Course Syllabus

Course: PHYS 2220

Division: Natural Science and Math
Department: Physics
Title: Physics for Scientists and Engineers II

Semester Approved: Spring 2022
Five-Year Review Semester: Fall 2026
End Semester: Fall 2027

Catalog Description: PHYS 2220 is the second semester of a two-semester sequence in calculus-based physics for scientists and engineers. It is a necessary preparation for continuing studies in upper division STEM courses. It includes an introduction to electricity, magnetism, circuits, optics, and relativity. The methods of calculus are applied to develop theories and to solve problems.

Semesters Offered: Fall, Spring
Credit/Time Requirement: Credit: 4; Lecture: 4; Lab: 0

Prerequisites: PHYS 2210

Corequisites: PHYS 2225


Justification: This course is a necessary component of the curriculum for geology, chemistry, computer science, physics, math, and engineering majors. It is fully transferable to higher education institutions across the state of Utah (same course number).
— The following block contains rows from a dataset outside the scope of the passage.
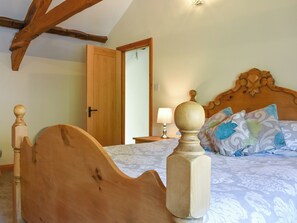 3 bedrooms, free WiFi, bed sheets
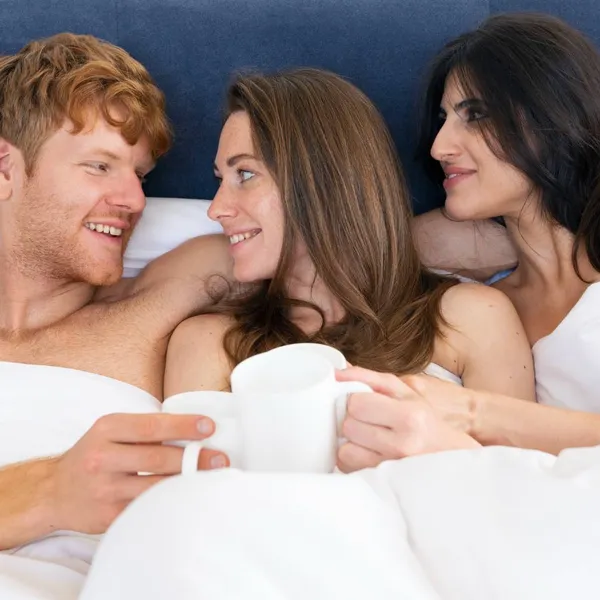 Thomas (32) onthult alle details over zijn allereerste 'ménage à trois' met zijn vrouw Sophie en haar beste vriendin Emma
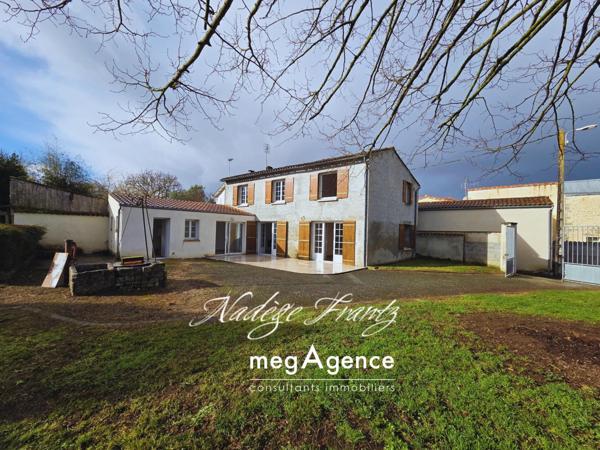 Maison à SAINT-JEAN-D'ANGELY, 17400 - 5 pièces 129m²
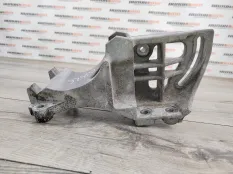 Кронштейн компрессора кондиционера Chevrolet Aveo 2009 96864878 T250 1.2 B12D1 LMU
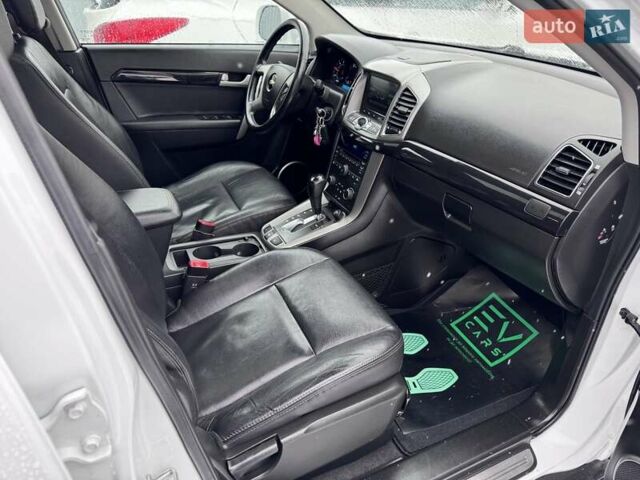 Белый Шевроле Каптива, объемом двигателя 2.2 л и пробегом 87 тыс. км за 12800 $, фото 16 на Automoto.ua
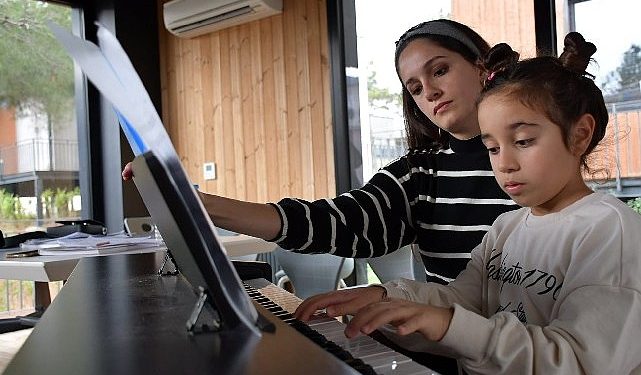 Lüleburgaz Belediyesi Konservatuvarı’nda eğitimler sürüyor 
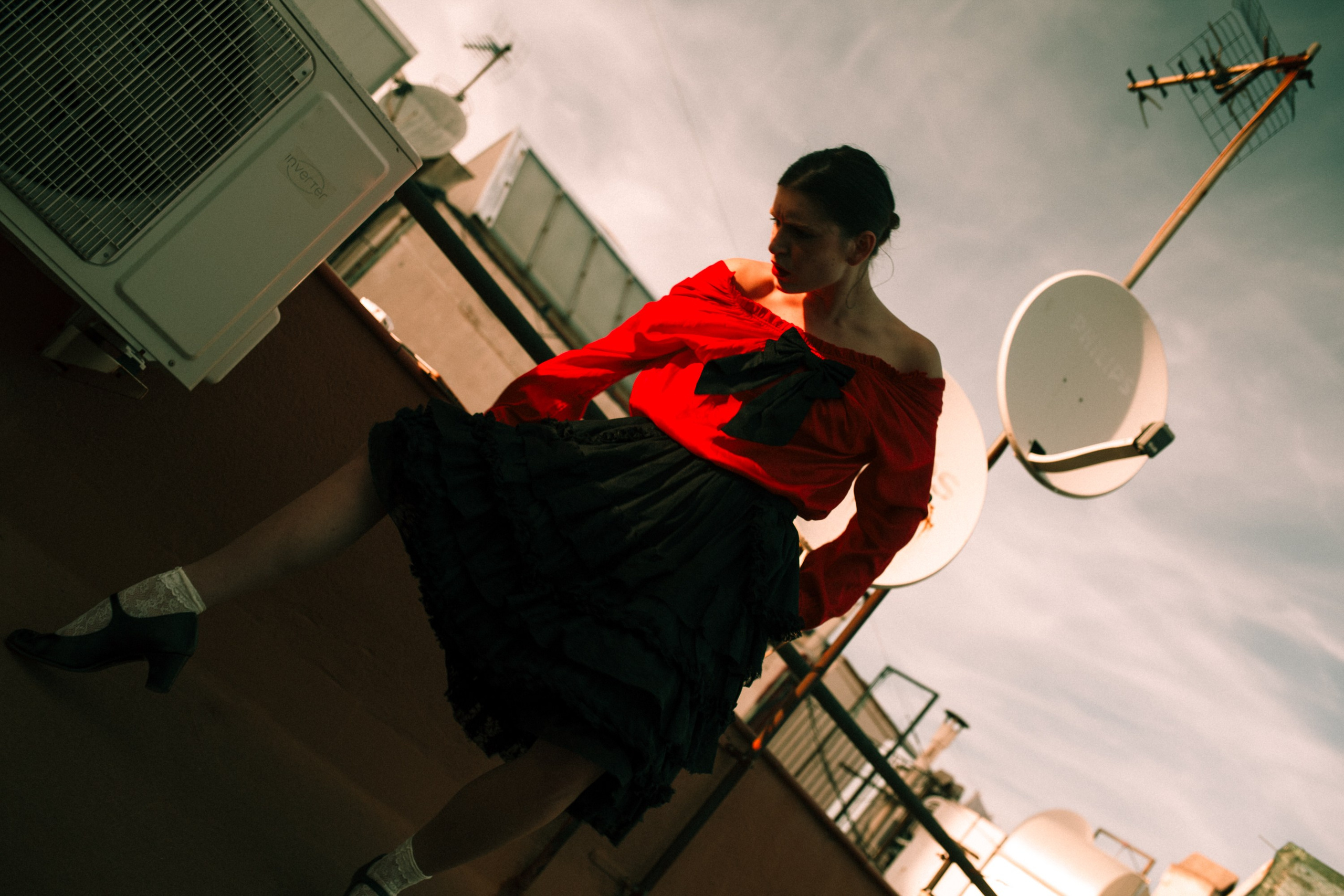 Anula’s Dance on the Rooftop — Expressive Portrait Photography by Marina Kálcheva. Marina Kálcheva — Photographer, Videographer & Visual Artist in Barcelona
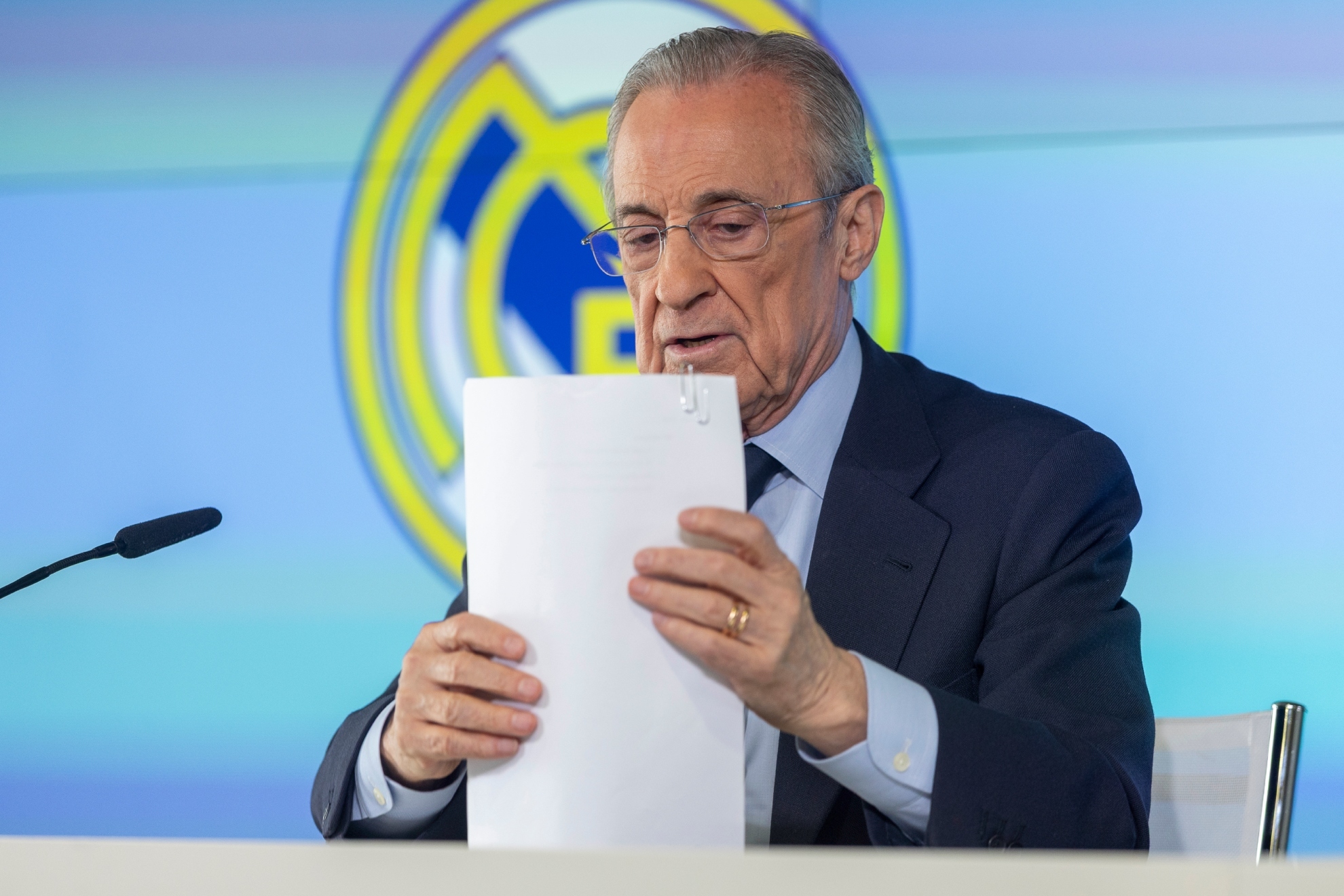 "Florentino Pérez pierde los folios"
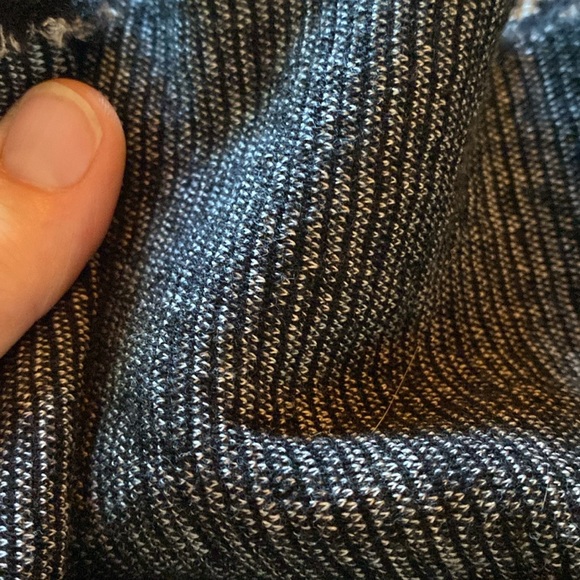 Wool stretch fabric for blanket, skirt or dress black white 80 inches by 52 wide - Picture 7 of 9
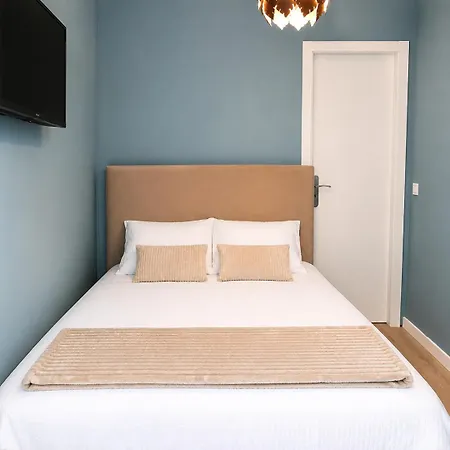 Opus House Penzion Guimarães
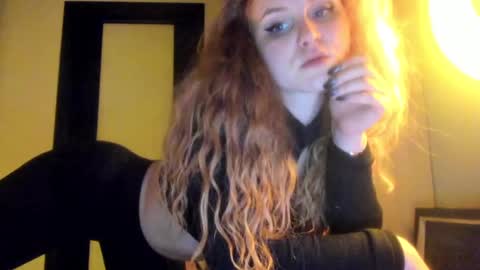 Snapshot of moviestar_ chatting on 12.20.24 Eva online show from 12.20.24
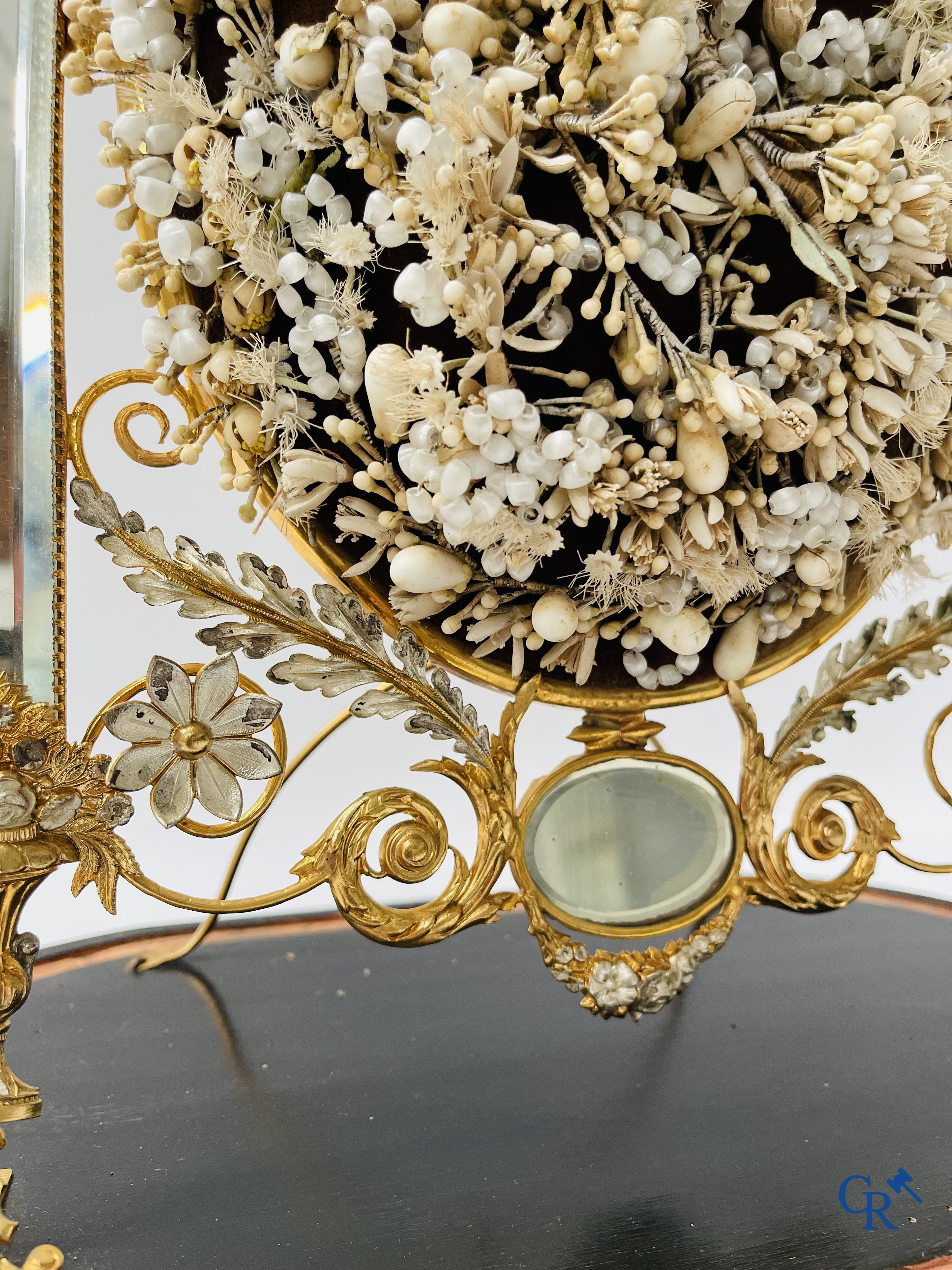 An exceptional glass dome with a bridal bouquet. Mirrors in gilded and silvered brass. Circa 1900.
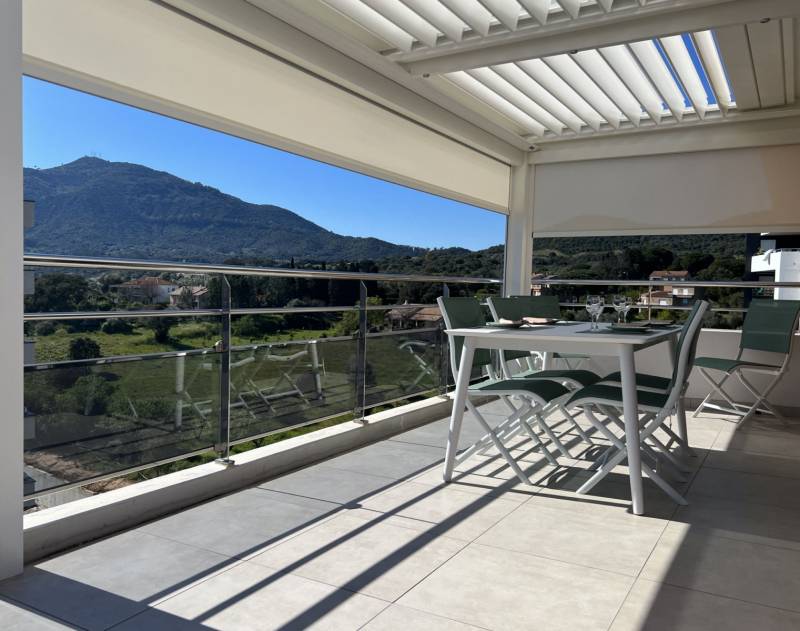 Aménagement d'un balcon sur terrasse avec une pergola à Ajaccio proche de Grosseto-Prugna   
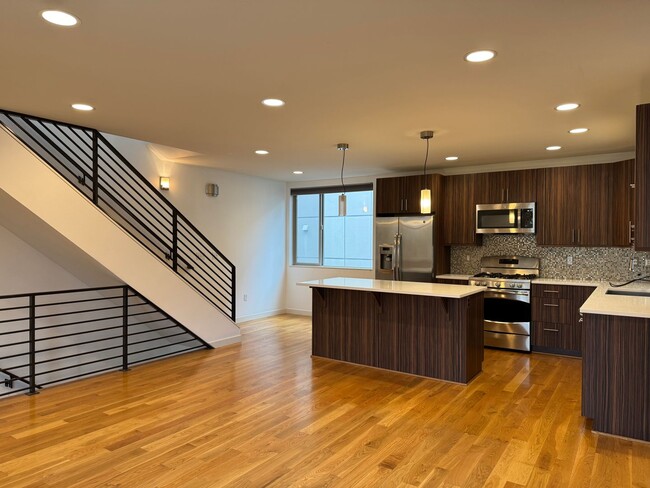 CLICK "REQUEST A TOUR" NOW! - CLICK "REQUEST A TOUR" NOW! Townhome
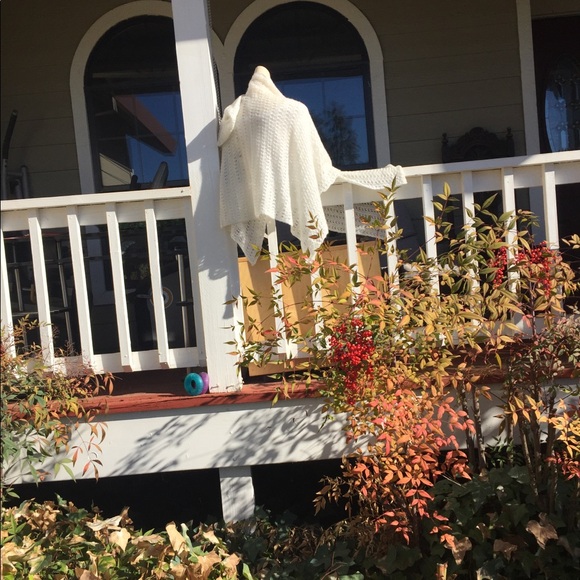 Accessory St. shawl style luminous on white - Picture 5 of 8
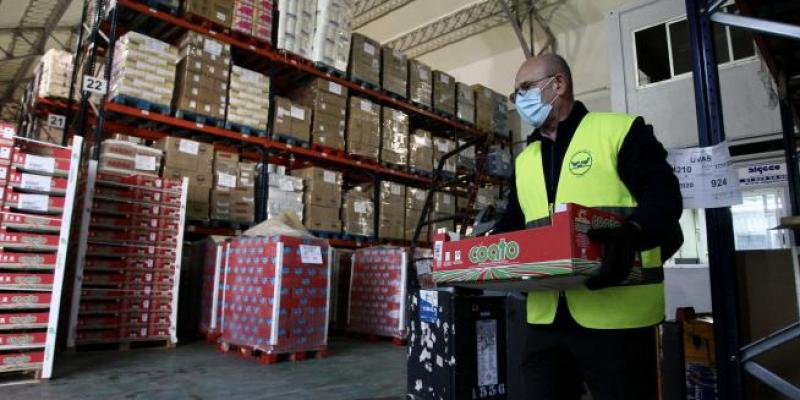 Un voluntario, en el almacén que el Banco de Alimentos de Madrid tiene en San Fernando.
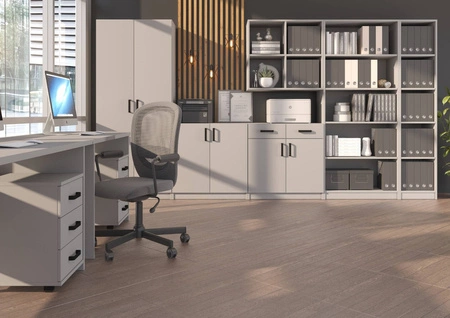 Skříň Makana 80 cm světle šedý funkční kus nábytku do pokoje pro mládež nebo do kanceláře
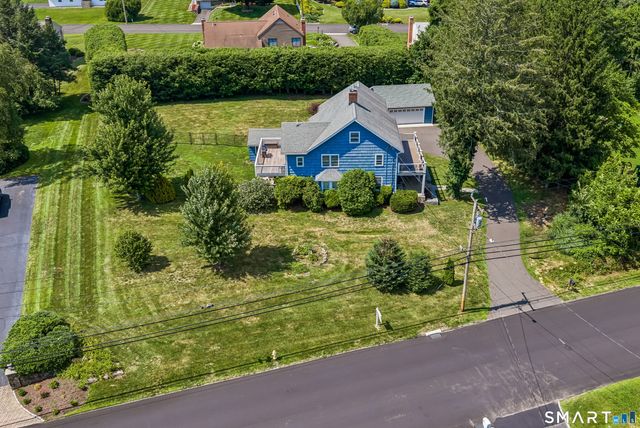 34 Lake Avenue, Trumbull, CT 06611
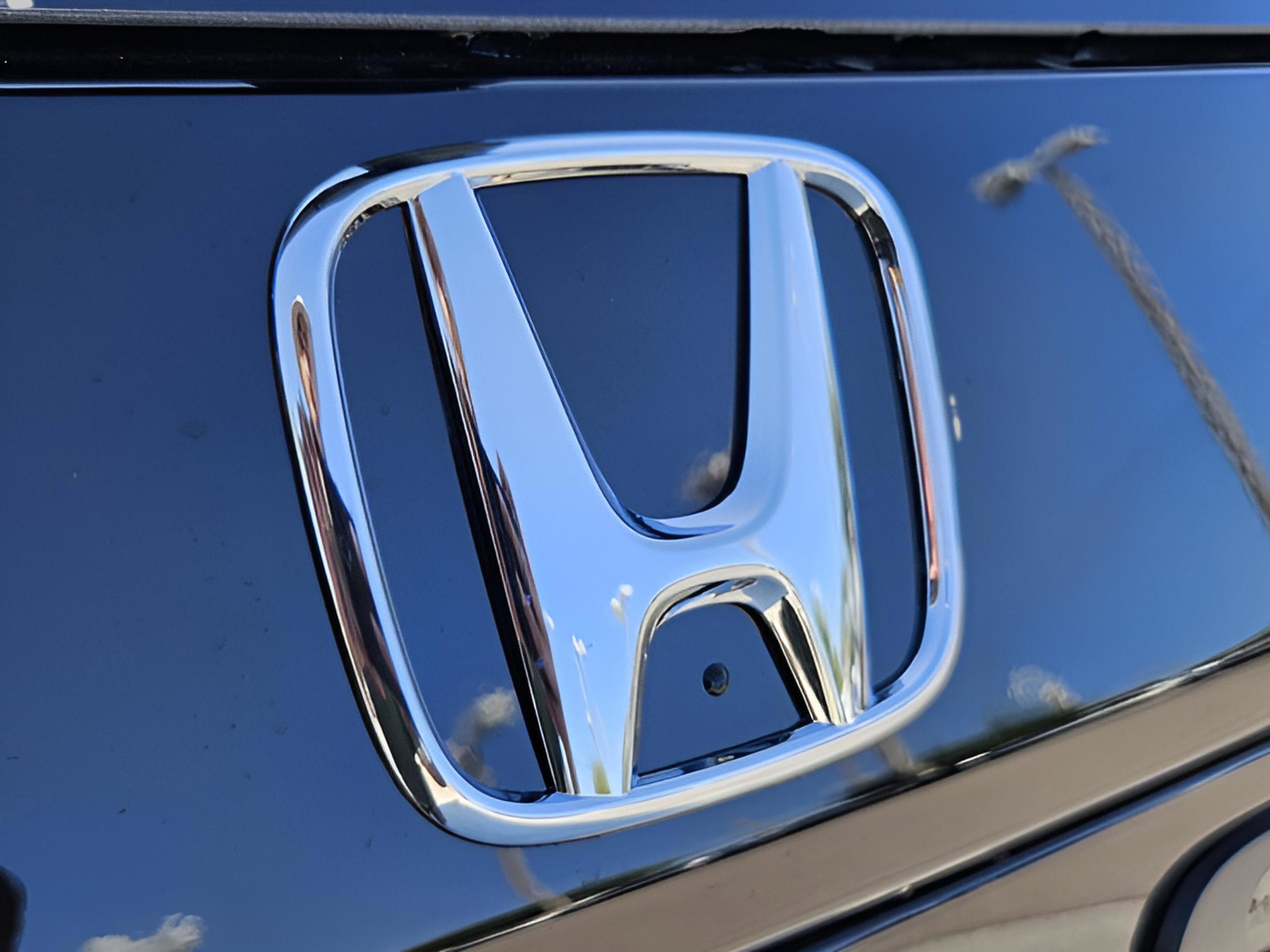 New 2025 Honda Pilot TrailSport image 32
Student Learning Outcomes:
Students will know the important scientific laws and principles in electricity and magnetism.  This will be assessed through quizzes and tests.

Students will be able to use sound problem-solving strategies to solve paper-and-pencil physics problems and apply them to real life.  This will be assessed through homework assignments.


Content:
Care will be taken to emphasize the contributions to physics of historically underrepresented groups.1. Electric Fields a. Coulomb’s Law b. Gauss’ Law 2. Electric Potential and Capacitance a. Potential difference b. Capacitance and capacitors 3. Current and Resistance a. Ohm’s Law b. Resistance and temperature c. Electrical energy and power 4. Direct Current Circuits a. Electromotive force b. Resistors in series and parallel c. Kirchhoff’s Rules d. RC circuits 5. Magnetic Fields a. Sources of magnetic fields; Biot-Savart Law b. Effect of magnetic fields on charges c. Magnetic flux d. Ampere’s Law 6. Faraday’s Law and Inductance a. Lenz’s Law b. RL circuits c. Energy in a magnetic field d. Oscillations in LC circuits 7. Alternating Current Circuits a. Power and Phasors b. Resonance c. Transformers 8. Electromagnetic Waves a. Maxell’s Equations b. Energy, momentum, and radiation pressure c. The spectrum of electromagnetic waves 9. Nature of Light and Geometric Optics a. Speed of light b. Reflection and refraction c. Dispersion and total internal reflection d. Images formed by lenses and mirrors 10. Interference, Diffraction, and Polarization of Light Waves a. Young’s Double Slit Experiment b. Narrow slits and the diffraction grating c. Polarization of light waves11. Relativity a. Michelson-Morley Experiment b. Einstein’s Special Relativity12. Introduction to Quantum Mechanics a. Blackbody radiation c. Bohr’s model of the atom d. Wave-particle duality

Key Performance Indicators:
Participation 0 to 10%

Homework 10 to 35%

Quizzes 10 to 30%

Tests 20 to 45%

Comprehensive final exam 15 to 35%


Representative Text and/or Supplies:
Physics for Scientists and Engineers, current or recent edition. (There are various equivalent texts with the same name by different authors. Currently using Randall Knight.)


Pedagogy Statement:
The course will be taught in an interactive lecture format with lots of active-learning activities. Inclusive and high-impact strategies will be used, such as group work on in-class quizzes and student presentations to the class. Students will be encouraged to actively participate in in groups in both in-class and out-of-class activities. Students will be expected to come to class prepared by pre-reading the textbook. Students are encouraged to learn both confidence and humility.

Instructional Mediums:
Lecture

Maximum Class Size: 24
Optimum Class Size: 18